Many growth models exhibiting a global smoothing in presence of local roughening are predicted to behave in the same way as a canonical non-linear stochastic partial differential equation known as the Kardar-Parisi-Zhang (KPZ) equation. Although some remarkable bijections to algebraic objects such as random matrices, Young diagrams and so on have led to a series of breakthroughs in the mathematical verification of some of the predictions, many of the current techniques based on integrable probability are not sufficient by themselves to analyze some of the fundamental geometric properties of such systems. Continuing an ongoing program to couple the integrable approach with a primarily probabilistic and geometric perspective, the PI lays down a comprehensive plan to investigate several aspects of such models which will fundamentally improve our understanding and initiate new research directions. The program also has a strong education component including mentoring graduate students and postdocs, and curriculum development at undergraduate and graduate levels, aiming to create multiple advanced research topics courses, and design the probability content in foundational undergraduate courses. Various educational and dissemination strategies including workshop organizing, writing survey articles, teaching summer courses will be carried out as well.

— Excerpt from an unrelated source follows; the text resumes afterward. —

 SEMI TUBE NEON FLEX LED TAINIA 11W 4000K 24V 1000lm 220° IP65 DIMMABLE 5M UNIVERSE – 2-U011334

A canonical model of growth predicted to be in the KPZ universality class is the model of planar Last Passage Percolation (LPP) which puts random weights on the vertices of a planar lattice and considers paths between vertices which accrue maximum weights. Such maximal paths called geodesics are fundamental objects of study. Besides further developing the picture of coalescence of geodesics in LPP models, the project aims to study the entire energy landscape of paths and their associated weights, with a focus on the geometry of almost maximal paths or near geodesics. The PI will also investigate interlacing properties of geodesic watermelons (collections of disjoint paths with maximal cumulative weight) and their consequences with connections to various line ensembles and determinantal point processes, as well as large deviation behaviors of geodesics. Finally the program will initiate novel research directions concerning fractal geometry and noise sensitivity, drawing inspiration from seminal works of a similar nature in the context of critical planar percolation and spin glasses. Particular topics include studying Hausdorff dimensions of various endpoint pairs admitting exceptional geodesic behavior as well as computing exponents marking the onset of chaos in natural dynamical versions of LPP. As necessary tools, several new theories including discrete harmonic analysis for models in the KPZ universality class will be developed. In particular, this is expected to create a bridge between various communities in probability, mathematical physics and theoretical computer science.
This award reflects NSF's statutory mission and has been deemed worthy of support through evaluation using the Foundation's intellectual merit and broader impacts review criteria.